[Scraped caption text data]
>>>

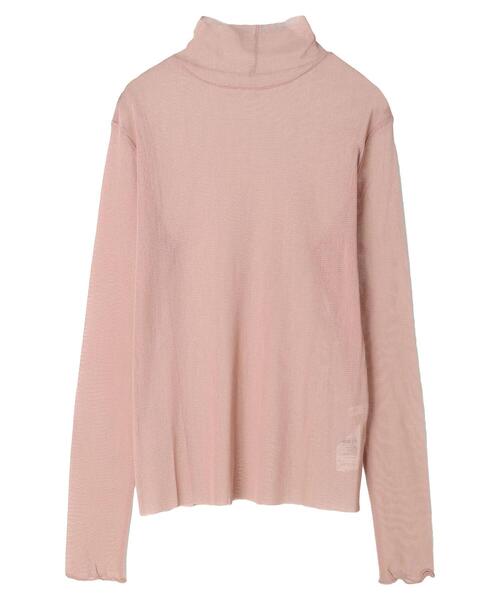 Green　Parks（グリーンパークス）の「綿メッシュタートルインナー＊（Tシャツ/カットソー・レディース・ブラウン/グレー/オフホワイト/サックスブルー/ピンク/イエロー・FREE）」の6枚目の写真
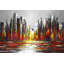 «Abstract Red Skyline» - Toile encadrée moderne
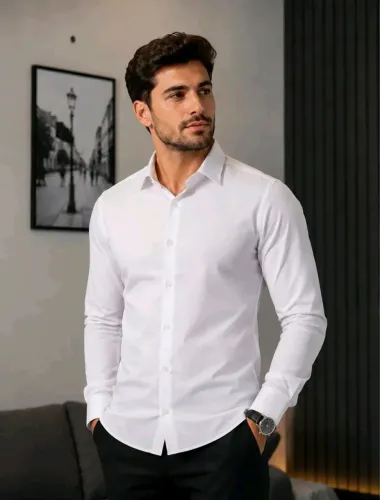 Camisa Social Masculina Manga Longa Slim Fit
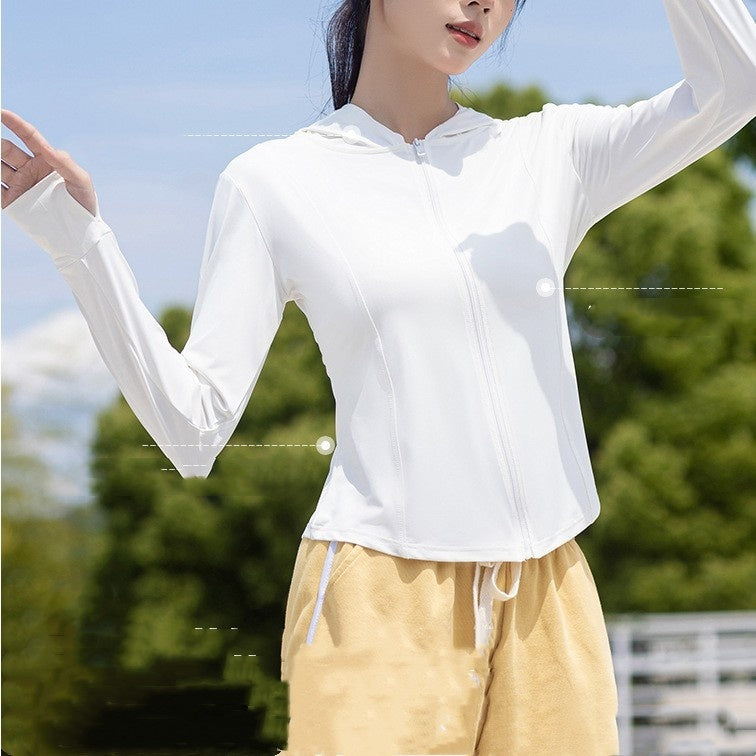 Ice Silk UV Protection Clothing for Women – Ultra-Light, Breathable, & Quick-Drying Top, Perfect for Bike Riders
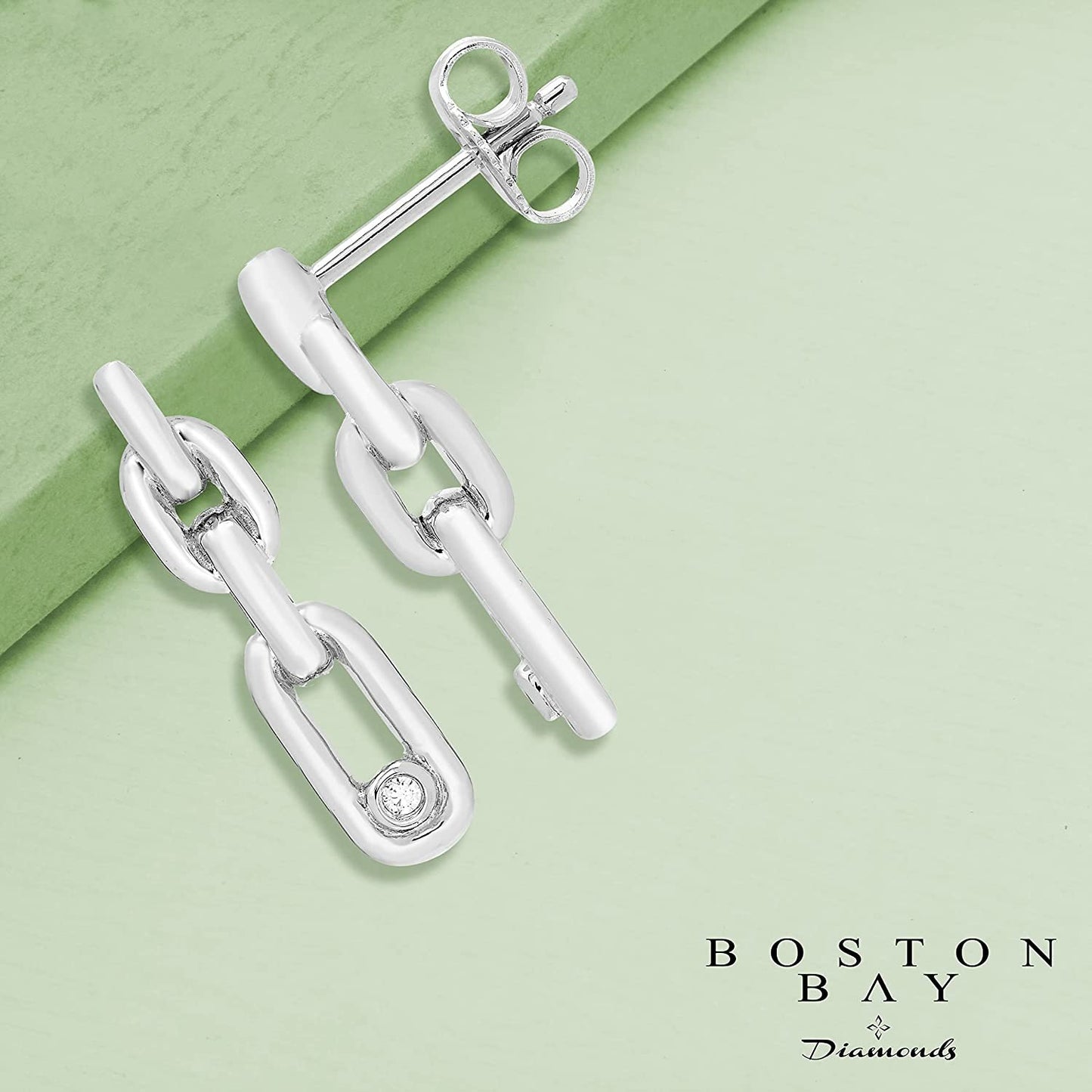 Diamond Accented Paperclip Drop Earrings in Sterling Silver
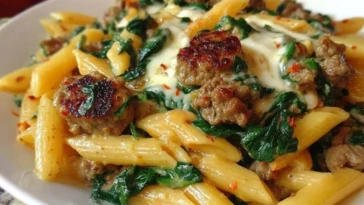 Creamy Garlic Butter Beef Penne with Sausage and Spinach 1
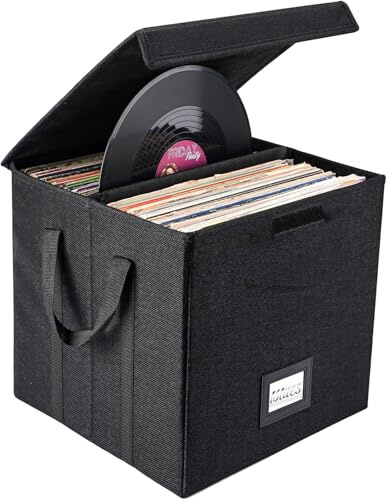 Maphissus Scatola portaoggetti per dischi in vinile da 30,5 cm, scatola pieghevole e contenitore per album LP, impilabile e pieghevole, con coperchio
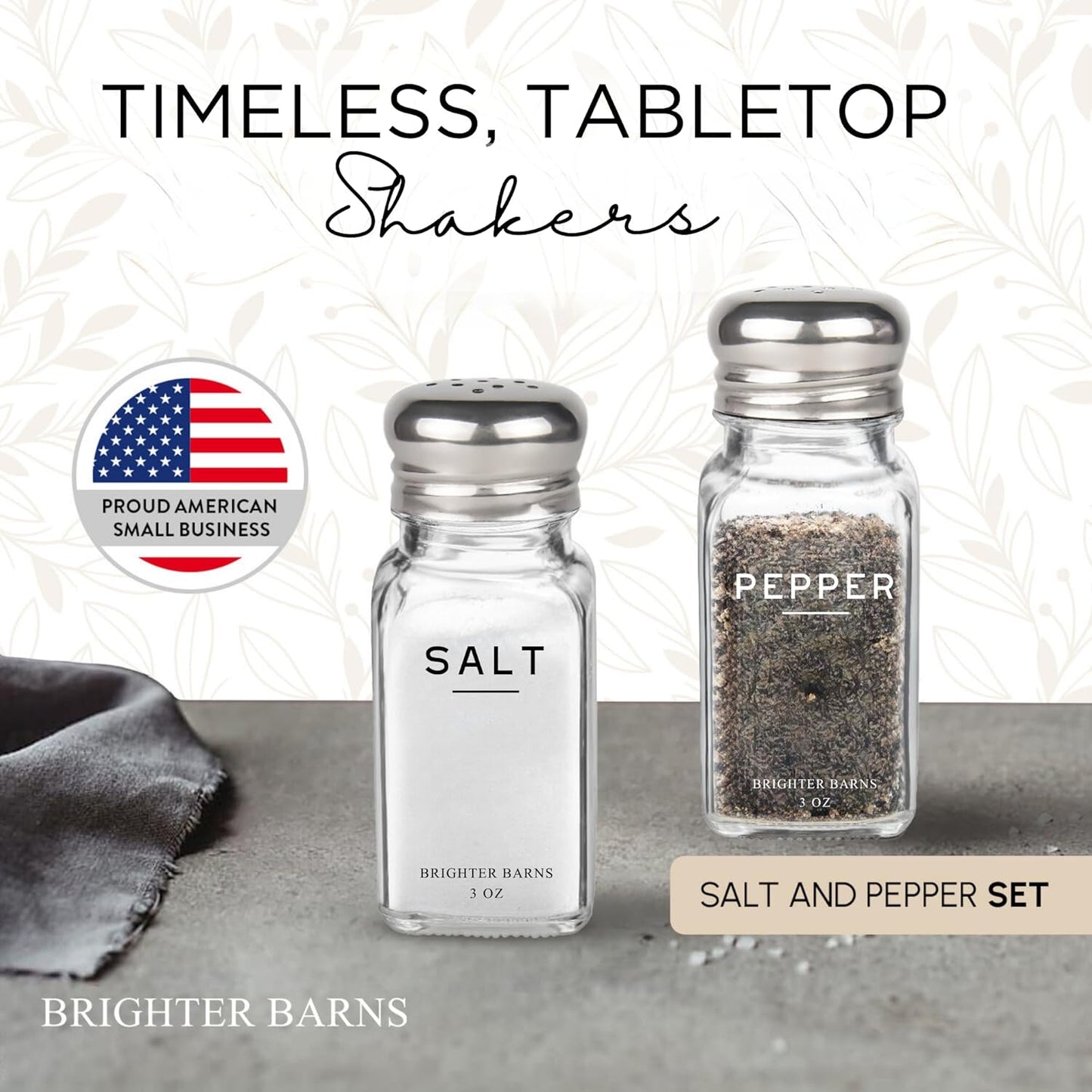 Glass Salt and Pepper Shakers Set by Brighter Barns - Modern Kitchen Decor, Dining Table Countertop Accessory - Rustic, Farmhouse, Vintage Glass Shakers with Stainless Steel Lids for Home, Restaurant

<<<

■ Task brief ■
The expected output is the lines above from the one containing "Creamy Garlic Butter" to the one containing "Maphissus Scatola portaoggetti", both ends included, reproduced exactly with every picture left out.

■ Solution to the problem ■
 Creamy Garlic Butter Beef Penne with Sausage and Spinach 1
 Maphissus Scatola portaoggetti per dischi in vinile da 30,5 cm, scatola pieghevole e contenitore per album LP, impilabile e pieghevole, con coperchio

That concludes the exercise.